Norway moves to tighten laws on ingredient addition to supplements

By Will Chu

- Last updated on GMT

The Norwegian government is to enhance existing regulation governing the inclusion of vitamins and minerals to food supplements as the country looks to refresh and raise standards in the European Union.

Pencilled in for January 2020, the updated rules​ look to tighten up national regulations concerning the addition of "other substances" to foods as well as supplements.

These include substances that have a purity of at least 50% or are concentrated 40 times or more and not normally consumed as a foodstuff by itself or used as a food ingredient.

For “other substances,” the Norwegian Food Safety Authority reserve the right to impose additional regulations that prohibit or restrict the addition of the substances for food, including supplements.

These other substances that may be added to food and supplements include beta-alanine, where the rules now recommend a daily dose of two grams (g) divided into maximum doses of 350 milligrams (mg) throughout the day with interval doses of at least two hours apart.

Omega-3 orders

Docosahexaenoic Acid (DHA) and Eicosapentaenoic Acid (EPA), the two main omega-3 fatty acids, are assigned a recommended daily dose 1.3g and 1.8g respectively with a combined recommendation of 5g per daily dose.

Other substances include turmeric (210mg per recommended daily dose), taurine (1g) and caffeine (300 mg per recommended daily dose divided into at least 3 doses).

The recommendations extend to other substances added to sports-nutrition related foodstuffs such as carbohydrate-electrolyte drinks, which are permitted a caffeine level of 10mg/100 milligrams (ml) from all sources.

Caffeine may also be included upto a maximal dose of 200 mg/100 g from all sources for gels  marketed in single portion packs.

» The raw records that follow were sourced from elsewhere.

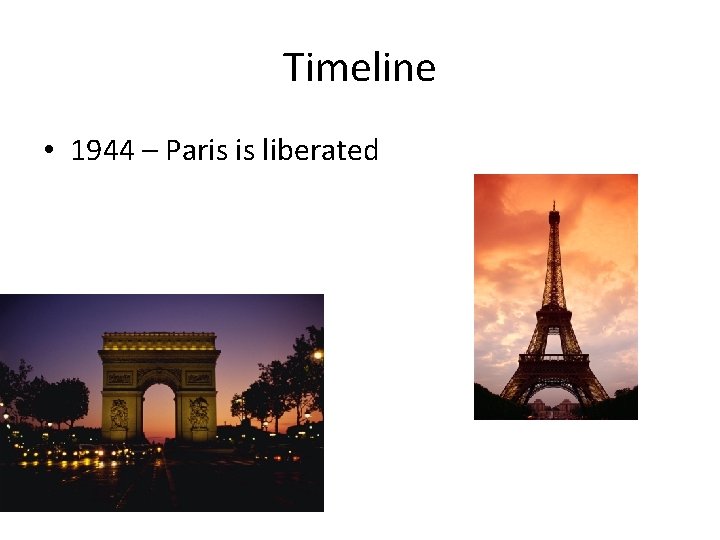 Timeline • 1944 – Paris is liberated 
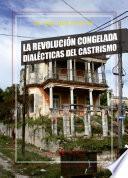 La revolución congelada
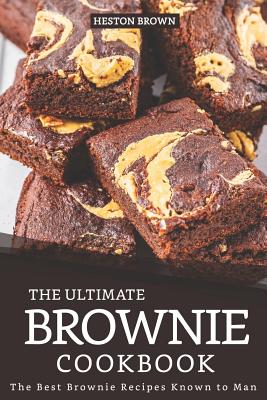 The Ultimate Brownie Cookbook: The Best Brownie Recipes Known to Man By Heston Brown Cover Image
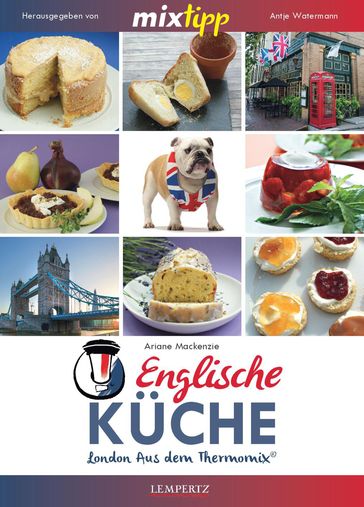 MIXtipp Englische Küche - Ariane Mackenzie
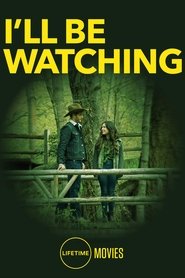 I'll Be Watching movie poster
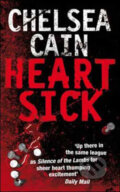 Kniha: Heartsick (Chelsea Cain). Pan Books, 2008 Kniha: Heartsick (Chelsea Cain). Pan Books, 2008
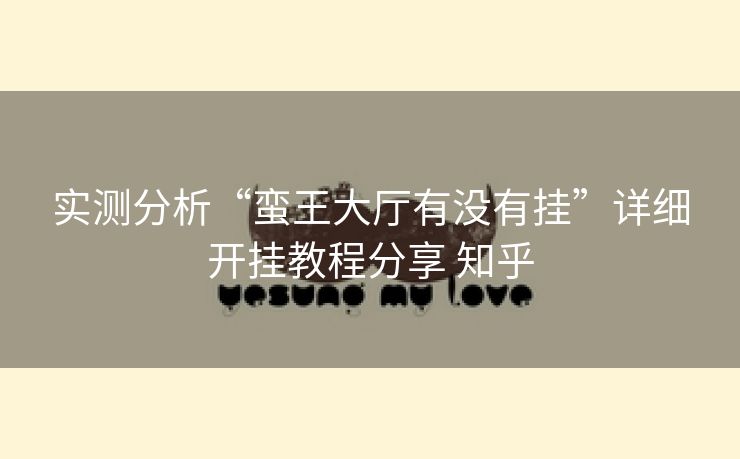 实测分析“蛮王大厅有没有挂”详细开挂教程分享 知乎 实测分析“蛮王大厅有没有挂”详细开挂教程分享 知乎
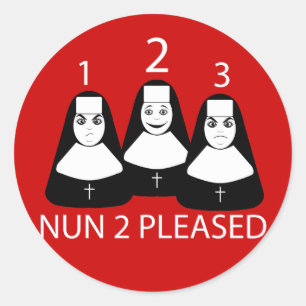 Nun 2 Pleased Classic Round Sticker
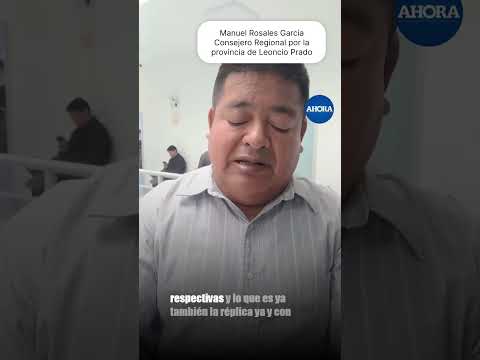 🌿 Manuel Rosales García, consejero regional por Leoncio Prado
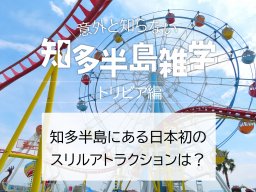 意外と知らない知多半島雑学～日本初のスリルアトラクションは？～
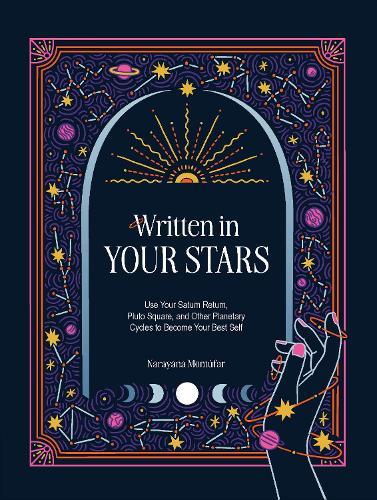 Written in Your Stars: Use Your Saturn Return, Pluto Square, and Other Planetary Cycles to Become Your Best Self  by Narayana Montufar at Abbey's Bookshop, 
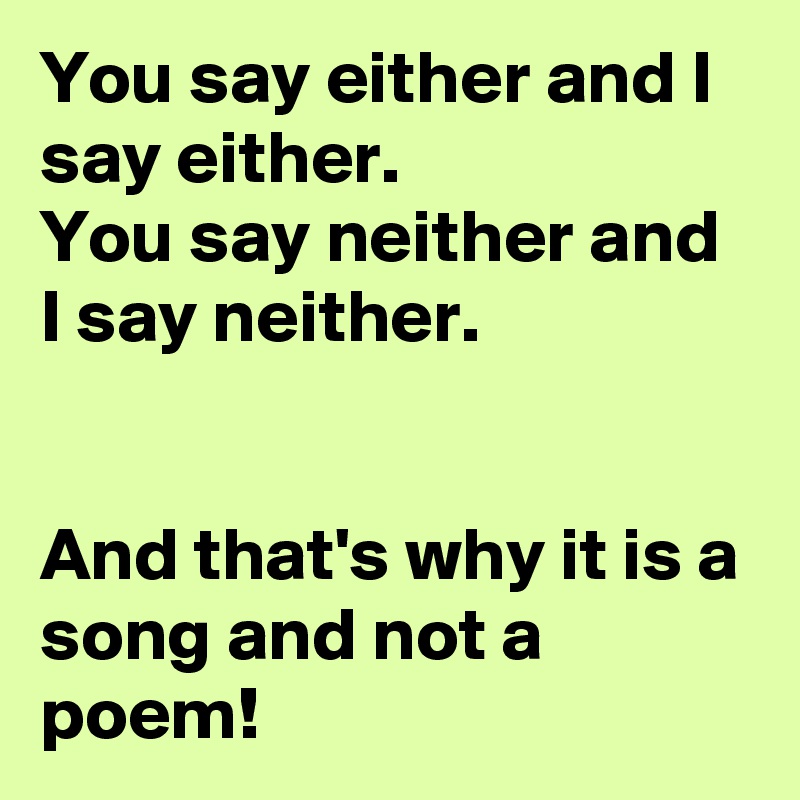 You say either and I say either. 
You say neither and I say neither.


And that's why it is a song and not a poem!  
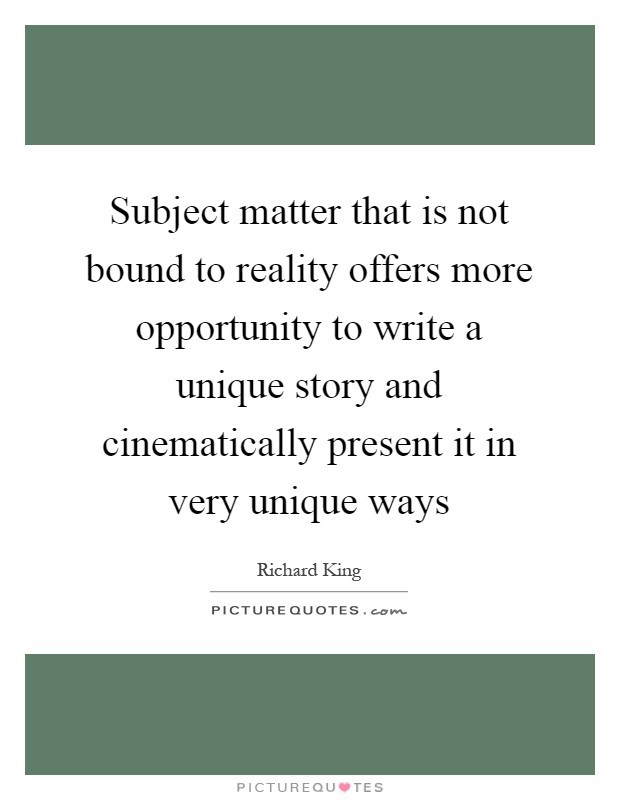 Subject matter that is not bound to reality offers more opportunity to write a unique story and cinematically present it in very unique ways Picture Quote #1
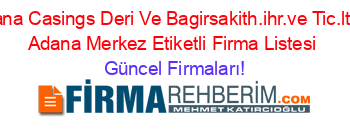 Adana+Casings+Deri+Ve+Bagirsakith.ihr.ve+Tic.ltd.s+Adana+Merkez+Etiketli+Firma+Listesi Güncel+Firmaları!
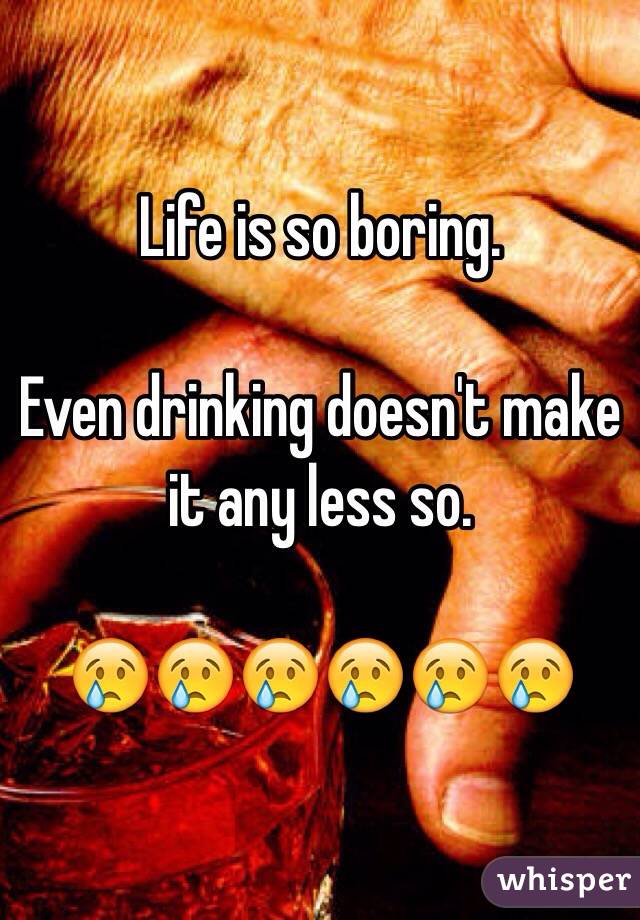 Life is so boring. 

Even drinking doesn't make it any less so. 

😢😢😢😢😢😢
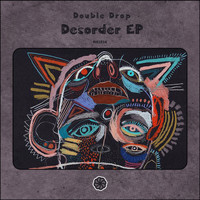 Double Drop - Desorder EP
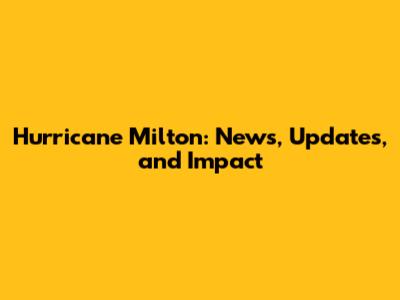 Hurricane Milton: News, Updates, and Impact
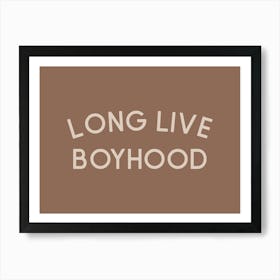 Long Live Boyhood Art Print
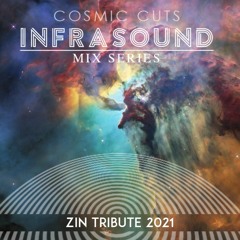Infrasound 011: Zin Tribute 2021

For taurine-containing gels this amount increases to 500mg/100g.

In a similar vein, energy bars are permitted to contain caffeine levels not exceeding 100mg/100g from all sources.

Application details

The regulation also details the information required in order to submit an application to the Norwegian Food Safety Authority.

Along with the applicant’s details, the rules now ask for product name, form (capsules, tablets, etc.), name of the substance(s), added amount (excluding natural content) of the substance(s), and recommended daily dose.

Further details include the ingredient list of the product and information on the name of the categories of nutrients or other substances with nutritional or physiological effect.

Other requirements include the substance’s chemical name, structural formula, molecular mass and CAS number of the substance (s) to which a message or application is sent.

The application also requires toxicological studies and assessments of the substance (s) as well as the assessor's or applicant's assessment of why these studies and assessments are relevant.